• _REQUIREMENT_
With the pictures removed, please write out every line below exactly as given.

• _DATA TO PROCESS_
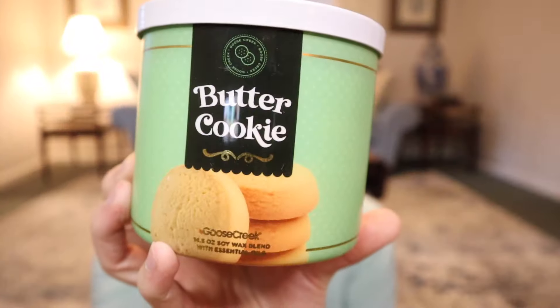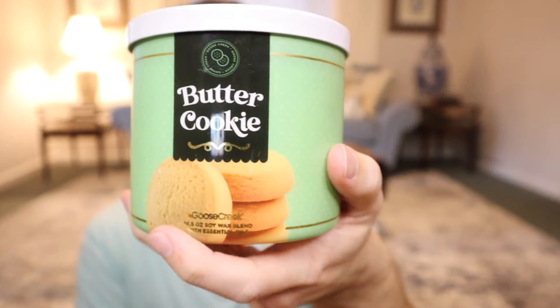Then we have Butter Cookie — this one's going to be warm butter cookie, vanilla, butter, and sugar. Smells like a butter cookie. Nothing super groundbreaking — you get the butteriness in there, it makes like a crunchy cookie with sugar. There's not much to say about it to be completely honest, but it smells like a butter cookie. So that's what that is right there.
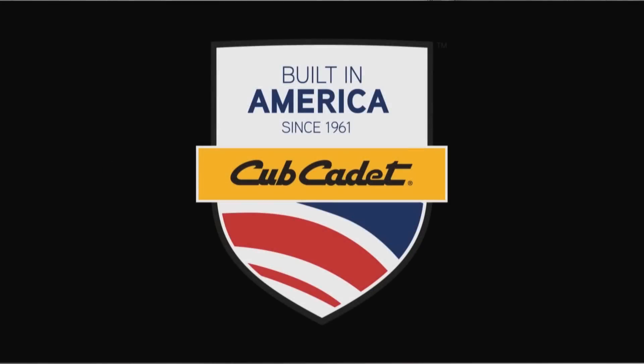You get out of it all that we put into it. Cub Cadet — built in America since 1961.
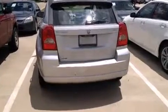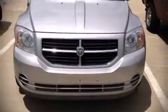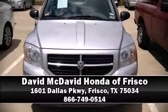Our team is professional and we offer a no-pressure environment. Call now to schedule a test drive.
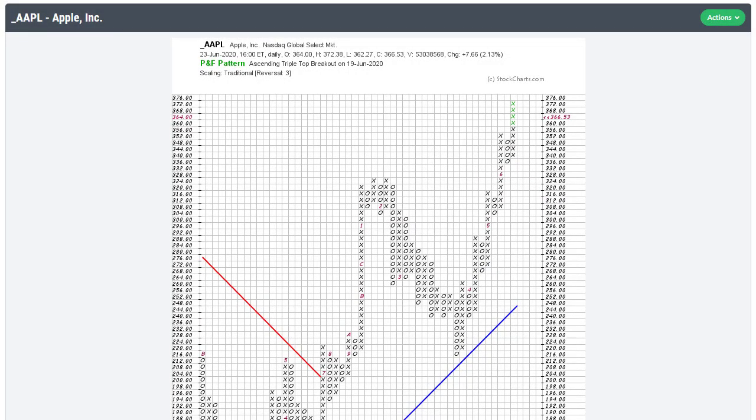StockCharts calculates and publishes the bullish percent indexes for the S&P 500, some other indexes, and the sector SPDRs. This is a really handy indicator because it tells you how many stocks basically have higher highs — that's the double-top breakout. There's Apple with a double-top breakout. And how many have lower lows working — if Apple goes below that O column, that's going to be a lower low and a double-bottom breakdown.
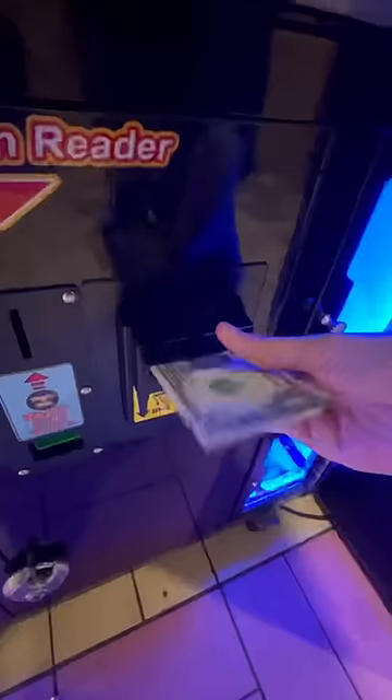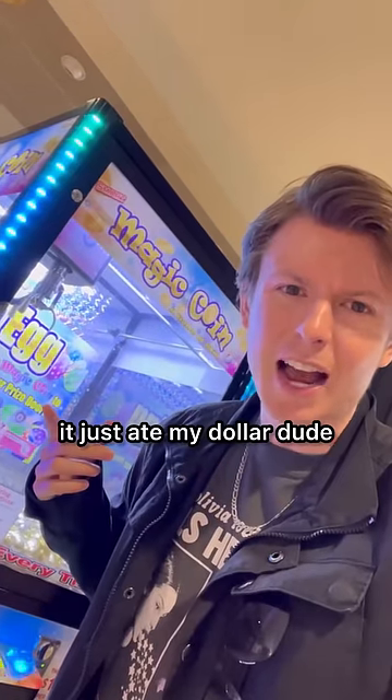This is one of those mystery egg claw machines. I put a dollar in and then this happened — it just ate my dollar, dude.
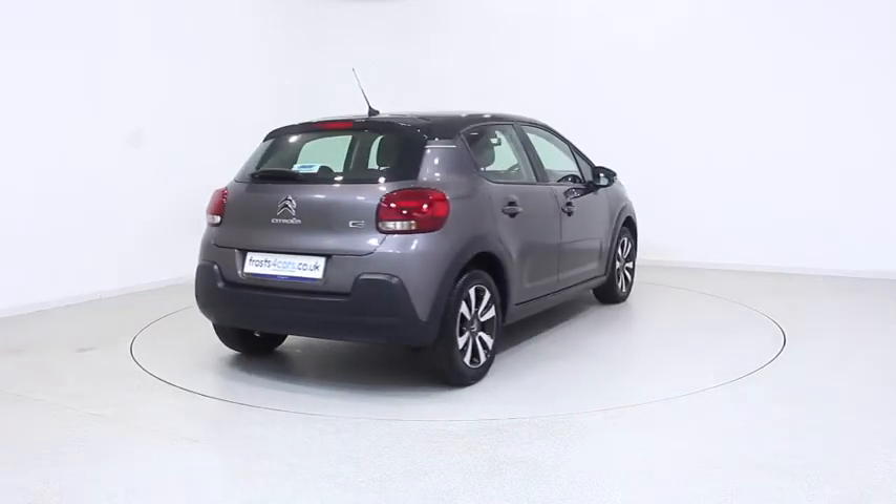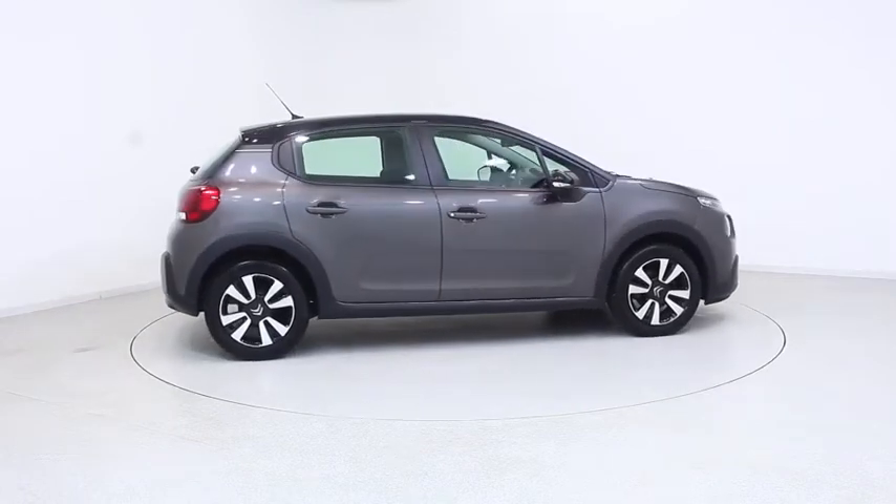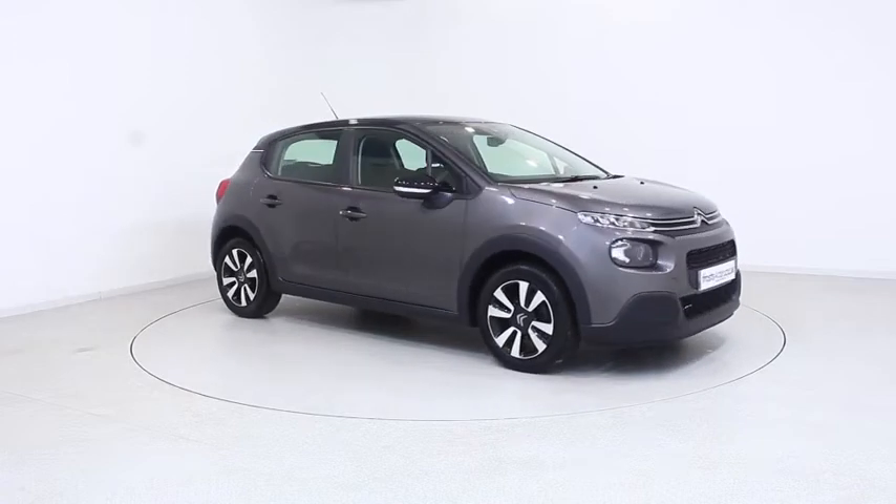contact your local Frost's dealership or visit frost4cars.co.uk to reserve this car online for 48 hours. For a no obligation, fully refundable £100.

• _EXERCISE RESPONSE_
Then we have Butter Cookie — this one's going to be warm butter cookie, vanilla, butter, and sugar. Smells like a butter cookie. Nothing super groundbreaking — you get the butteriness in there, it makes like a crunchy cookie with sugar. There's not much to say about it to be completely honest, but it smells like a butter cookie. So that's what that is right there.
You get out of it all that we put into it. Cub Cadet — built in America since 1961.
Our team is professional and we offer a no-pressure environment. Call now to schedule a test drive.
StockCharts calculates and publishes the bullish percent indexes for the S&P 500, some other indexes, and the sector SPDRs. This is a really handy indicator because it tells you how many stocks basically have higher highs — that's the double-top breakout. There's Apple with a double-top breakout. And how many have lower lows working — if Apple goes below that O column, that's going to be a lower low and a double-bottom breakdown.
This is one of those mystery egg claw machines. I put a dollar in and then this happened — it just ate my dollar, dude.
contact your local Frost's dealership or visit frost4cars.co.uk to reserve this car online for 48 hours. For a no obligation, fully refundable £100.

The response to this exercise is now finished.